Les subventions indirectes comprennent 385 millions $ pour les aides à la navigation et les services de déglaçage de la Garde côtière canadienne.

Un défi fondamental, toutefois, consiste à remplacer le régime de transports actuel par un réseau national de transports intégré et abordable, axé sur la sécurité, la fiabilité et l'efficacité et qui vise la création d'entreprises solides et viables dans tous les modes.

Ce défi et bien d'autres doivent être relevés à un moment où l'économie canadienne est en transition. Nombre de ces changements reflètent les tendances internationales vers la mondialisation des marchés, l'intégration économique, de nouvelles stratégies commerciales et de nouvelles technologies ainsi que l'élimination des barrières au commerce transfrontalier.

Dans cet environnement en changement, la question est de savoir si les transports feront partie de la solution ou du problème.

Le budget de février 1994 donnait à Transports Canada le mandat d'étudier le potentiel de commercialisation d'un certain nombre de ses principales activités.
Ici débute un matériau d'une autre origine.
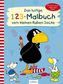 Das lustige 1 2 3 - Malbuch vom kleinen Raben Socke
Le Ministère entreprendra cette étude de concert avec les parties touchées, afin d'en améliorer l'efficacité et d'en assurer la viabilité à long terme.
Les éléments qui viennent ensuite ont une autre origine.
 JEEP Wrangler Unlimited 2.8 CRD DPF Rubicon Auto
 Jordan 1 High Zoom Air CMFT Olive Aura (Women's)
La commercialisation recouvre une série de formules qui permettent de faire intervenir la discipline de marché et les principes commerciaux dans les activités traditionnelles du gouvernement. Il peut s'agir d'organismes gouvernementaux, de sociétés à but non lucratif, de partenariats entre les secteurs public et privé, de sociétés dirigées par leurs employés, de sociétés de la Couronne et même de privatisation.

La commercialisation n'affaiblira pas la toute première priorité de Transports Canada, qui est d'assurer, voire d'accroître, là où c'est possible, la sécurité et la sûreté des Canadiens.

En travaillant à l'établissement d'un réseau de transports plus commercialisé, le gouvernement examinera:

  • le rôle et la structure des sociétés de la Couronne;
  • l'avenir des services ferroviaires voyageurs au Canada;
  • la réduction ou l'élimination de la plupart des subventions et un meilleur équilibre entre ce qu'il en coûte l'utilisateur et le pouvoir de décision qui lui est laissé;
  • la commercialisation possible de l'exploitation des aéroports, du système de navigation aérienne et de certaines activités de la Garde côtière canadienne;
  • l'abolition des règlements désuets et inutiles et la nationalisation du processus de prise de règlements;
  • le passage des subventions aux investissements dans l'infrastructure et la nouvelle technologie.

Voici les critères dont le gouvernement tiendra compte pour relever ces défis:

  • les normes, règles et règlements sur la sécurité et la sûreté des transports;
  • les obligations constitutionnelles, légales et fiduciaires;
  • un service raisonnable aux collectivités éloignées et aux personnes handicapées du Canada;
  • le respect de l'environnement.

Avec ces changements, le Canada profitera d'un système plus efficace, plus abordable et plus réaliste pour répondre aux besoins de transport du pays dans le 21ième siècle.